Sur le terrain cependant, les élus se heurtent à la réalité de décisions prises à Paris et multiplient les signaux d'alarmes. Confrontée aux suppressions de postes au collège, l'Association des départements de France en appelle au «sens de l'écoute» du ministre de l'Education nationale, Luc Chatel, et lui demande une négociation sur les diminutions d'effectifs.

De leur côté, les maires de France, qui auront à gérer 1.500 fermetures de classes en septembre 2011, ont demandé et obtenu par l'entremise de leur président, le maire UMP de Lons-le-Saunier (Jura), Jacques Pélissard, un«traitement différencié» pour l'enseignement primaire.
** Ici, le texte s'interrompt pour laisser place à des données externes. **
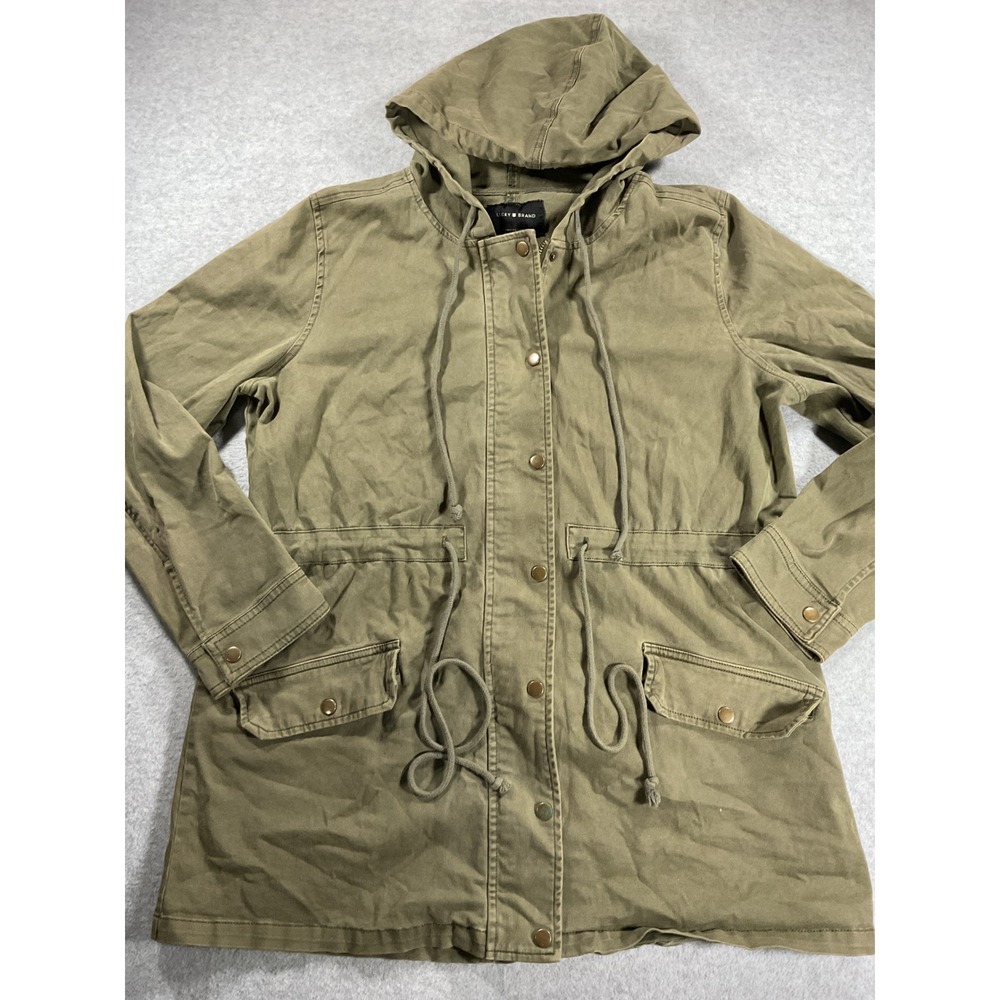 Lucky Brand Womens Olive Green Hooded Utility Jacket Field Coat Large 2392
Reste que, pour l'Education nationale, avec 32.000 départs en retraite programmés, le compte s'élève donc à 16.000 postes en moins à la rentrée 2012, pour la troisième année consécutive. Pour des raisons aussi politiques qu'économiques, difficile d'échapper à la règle du «1 sur 2», explique-t-on à l'Elysée. Si la France ralentit son effort de diminution de la dépense publique, elle risque en effet de perdre la note triple A que lui attribuent les agences de notation. Dévastateur en plein campagne présidentielle.

Double hypothèse

 

En attendant le grand débat d'orientation budgétaire, programmé pour la mi-juillet à l'Assemblée nationale, les réunions budget 2012 se succèdent entre Matignon, Bercy et la rue de Grenelle. Les recteurs d'académie sont déjà convoqués à une série de rencontres bilatérales avec le service du budget et de la performance du ministère, pour de premiers échanges sur les «marges» de suppressions d'emplois dont ils disposent pour 2012.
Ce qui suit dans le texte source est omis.